Sherrill Bailey found an arrowhead in his family’s garden behind their Calhoun City home when he was 13 years old sparking a lifetime passion for Indian artifacts.
“My interest really grew then,” Bailey said of that first find. “My interest is not in the knowledge of it. History was never a good subject of mine. My interest is in the find itself. When I see it on that cotton row I’m so glad I found it.”
Those cotton fields are where Bailey has found the countless pieces, many dating back more than 1,000 years, in his large collection.
“I started looking in junior high school in Calhoun City and found dozens southeast of town,” Bailey said.
He renewed his passion for searching around 1990, traveling regularly to the Mississippi Delta, particularly Greenwood, Indianola and Yazoo City, to search the cotton fields for artifacts.
“The Mississippi Delta was jumping with Choctaws 1,000 years ago,” he said.
Archaeologists from Mississippi State University have come to see Bailey’s collection and confirmed most of his finds date back that far. They particularly took fascination with one of his pieces.
“They looked at one of my plaques and jumped almost a foot off the floor,” Bailey said. “They pointed to one of the artifacts in it and said that’s from the Arkansas Headhunters. They were so excited to see it.”
“Back in the day, the Arkansas Headhunters were across the Mississippi River and they would come in the western part of the state and find a stray Choctaw and cut his head off and take it back to their tribe.”
Other unique pieces in Bailey’s collection include a small carved head that he believes was once an effigy on a clay pot. Several museums have contacted him wanting the piece.
His collection also includes arrowheads, spear points, scrapers, beads, nutting stones, boat stones and more.
Bailey has several plummets that would be tied on each end of a string to throw at an animals’ legs to take him down. They were also used on fishing nets to make them sink.
He has an elbow pipe he found just south of Itta Bena in a cotton field after a good rain.
“It was just sitting right on top,” he said.
He said he never digs in any mounds and there are no shortage of them in the Delta.
“In the back roads of the Delta you’ll find huge mounds, just gosh awful big,” Bailey said. “One of the things I’ve run across a few times is graves of my people, both black and white, that were put on top of the mound to keep above the floods.”
His finds aren’t limited to Indian artifacts either. He’s picked up a tag that early farmers put on cattle to keep up with them. He’s found old coins, buttons and other collectibles.
“I found a token used by the big landowners who passed them out to their workers to use in their store,” he said.

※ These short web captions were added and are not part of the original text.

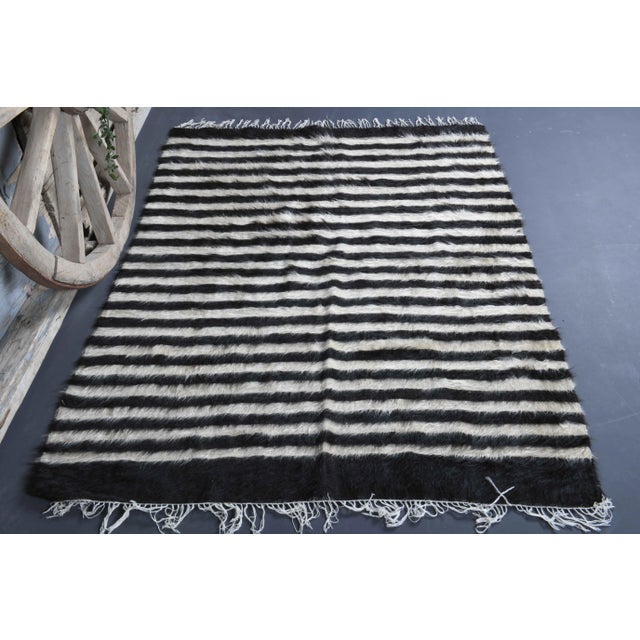 Vintage Turkish Hand-Knotted vintage rug is a semi-antique vintage kilim area rug.'70s Eastern region of Turkey's unique...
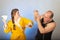 A wife in a yellow robe beats a bald husband, the concept of a family quarrel
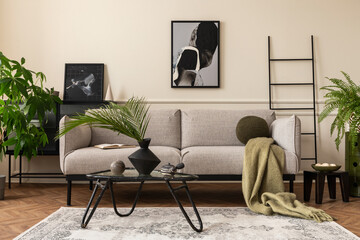 Creative composition of living room interior with mock up poster frame, gray sofa, black coffee table, patterned rug, plants in flowerpots, slippers and personal accessories. Home decor. Template.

Reflecting on his youth, Bailey said he did well in elementary school, making straight As in the first four grades.
“In junior high, I realized I had a girl’s name and got a complex and became real shy,” he said. “By the time I got in high school, I played hooky more times than not. I would go to the pool hall in the mornings and then go to ball practice and trumpet playing in the afternoons.”
Bailey credited Coach Otis “Shotgun” Shattles with keeping him in school, but said he finished with only nine credits in high school, “and two of those were in agriculture.”
Bailey would go on to East Mississippi junior college, then to Delta State for a semester and graduated from Ole Miss.
The first half of his career as a band director he spent at Bruce High School and then moved to Winona where he eventually retired and still lives there today.
He’s still active in music, judging band contests throughout the region – opportunities he said he’s been afforded due to “my incredible students at Bruce and Winona.”
He also spends his time playing golf and continuing his search for more Indian artifacts. He’s made five “plaques,” one for each of his grandchildren that feature some of his favorite finds.
“It’s something I’ve loved, so I want to share it with them,” he said.